One common theme is that non-economic issues regarding children tend to be the most commonly mediated disputes. Another is that, while assistance is often available, it is typically only provided to couples with significant financial need.
As mentioned in FindLaw, there are many possible issues generated by custody conflicts during divorce. Some of these are extreme and even criminal, such as child abduction. Others simply strain the resources of the court and the parties to the divorce with interminable arguments and delays. Mediation is often preferred to formal action because it allows the divorcing parties to establish an understanding. These ideas could then inform the drafting of a formal divorce agreement.
The benefits of mediation also include education. An informed intermediary would typically be able to help both parties understand the rules of the divorce process, resulting in better cooperation going forward.
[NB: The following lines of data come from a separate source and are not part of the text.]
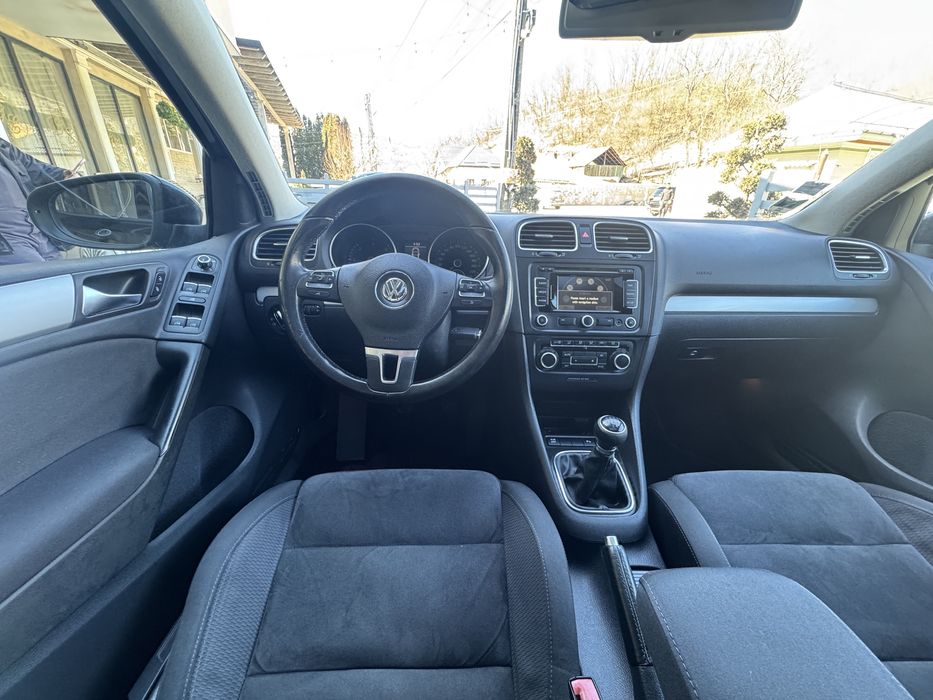 VW Golf 6 1.6TDI / Trapa  /navi/ 2011/Rate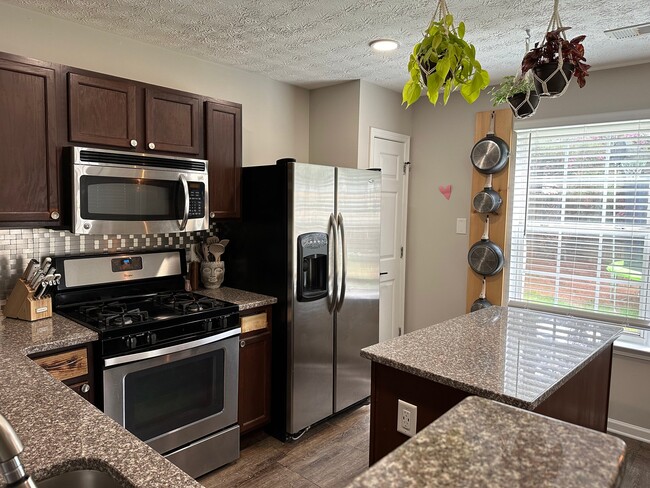 Building Photo - 208 Oak Grove Way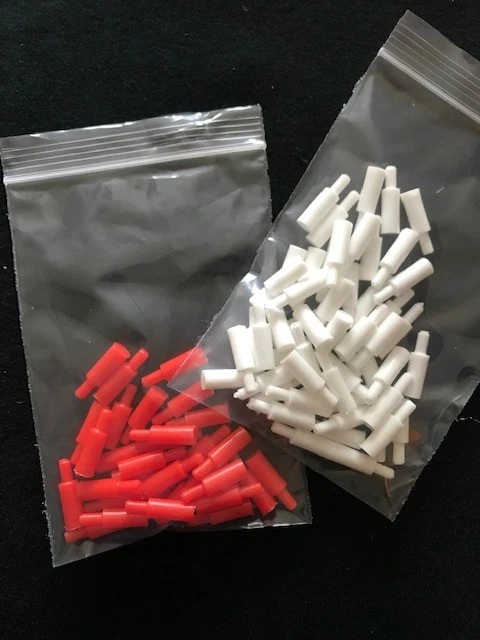 Clavijas de repuesto para acorazado, 30 rojas y 50 blancas Foto 1 de 1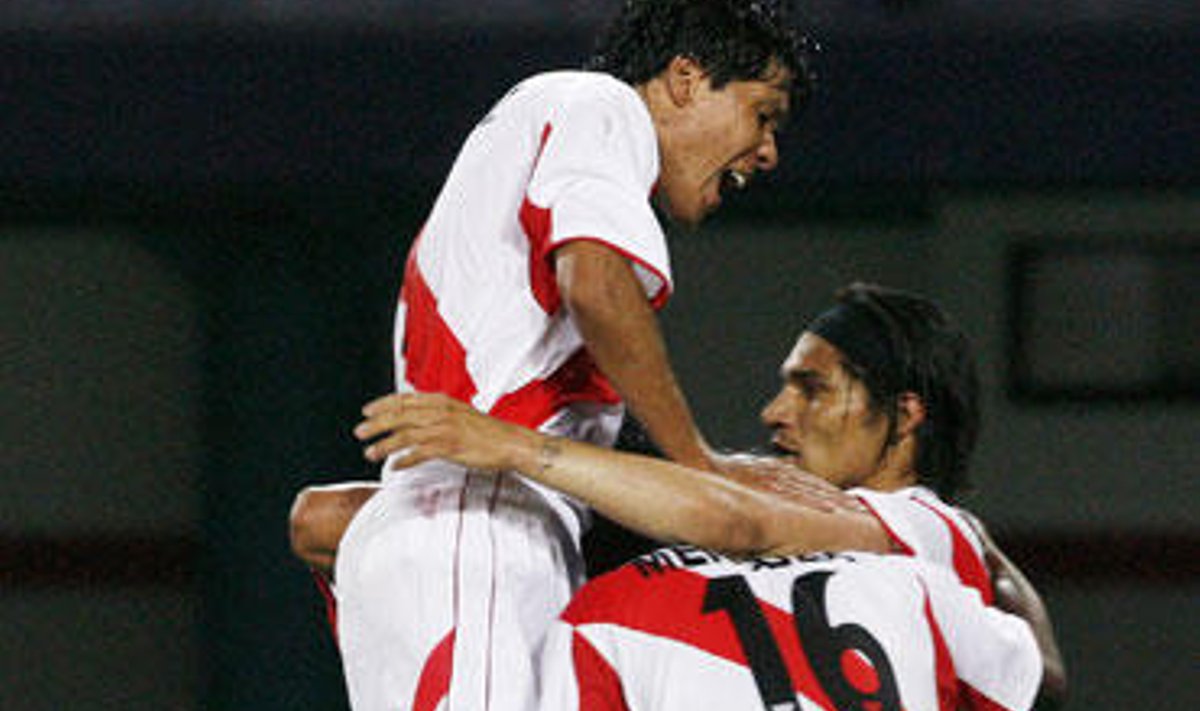 Peru rinktinės futbolininkai džiaugiasi įvarčiu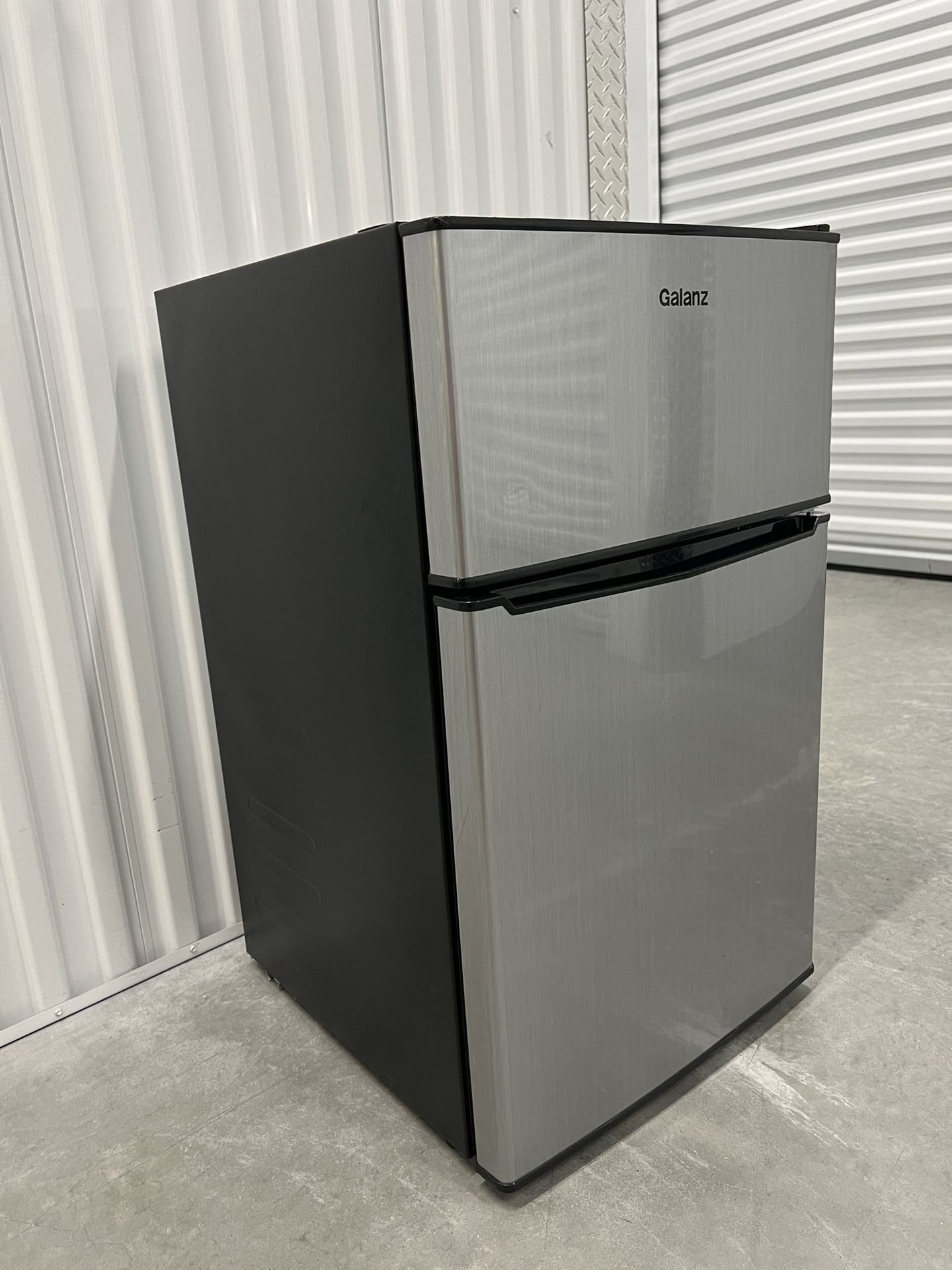 Galanz Mini Fridge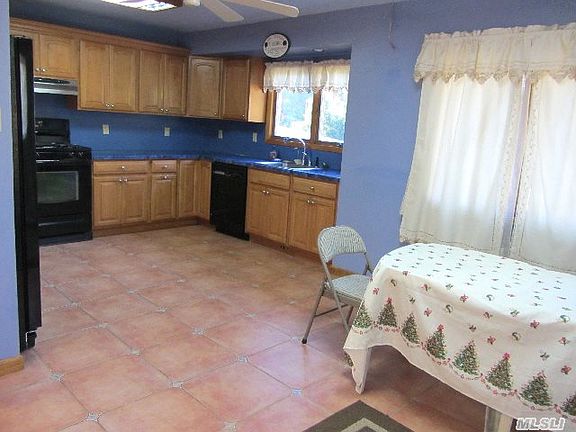4th image of 16 Coe Ct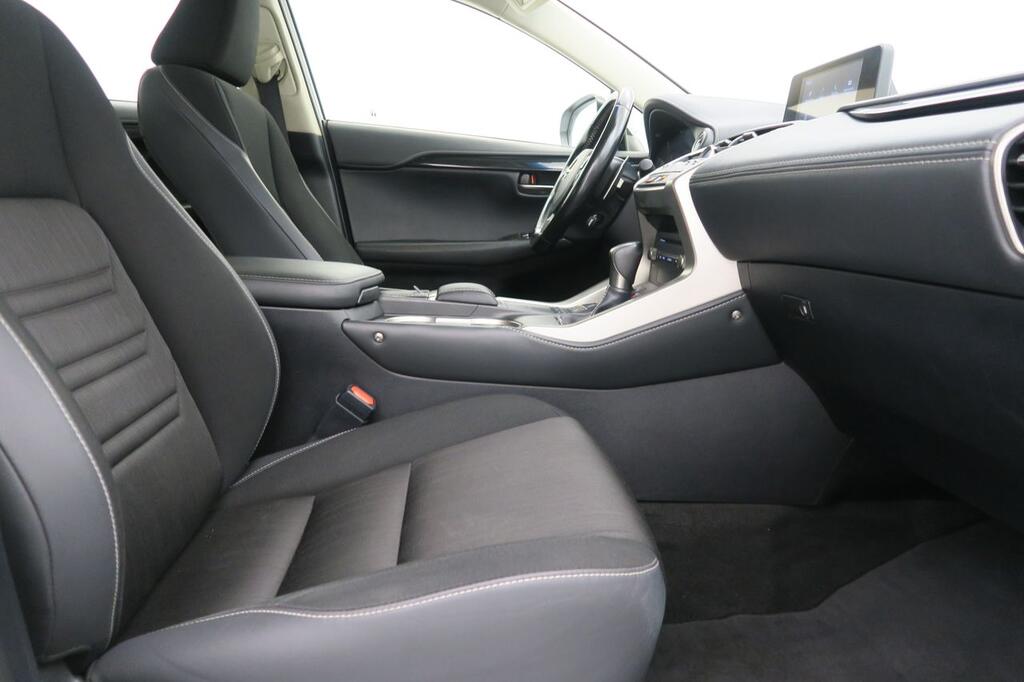 Lexus NX 300H BUSINESS NAVI. 2.5 HYBRID 197 CV AUTO 5P 2WD 18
Courts often subsidize or provide mediation for this purpose. Harris County is one example, where brief mediation sessions are often available for couples with few resources.
The Harris County program for mediation could be a good start, but personal representation is often a better way to secure individual goals. Mediators work for the good of the group and the court system, but attorneys work towards the interests of individual parties. Together, these two approaches often result in a favorable resolution to a contested element of a divorce.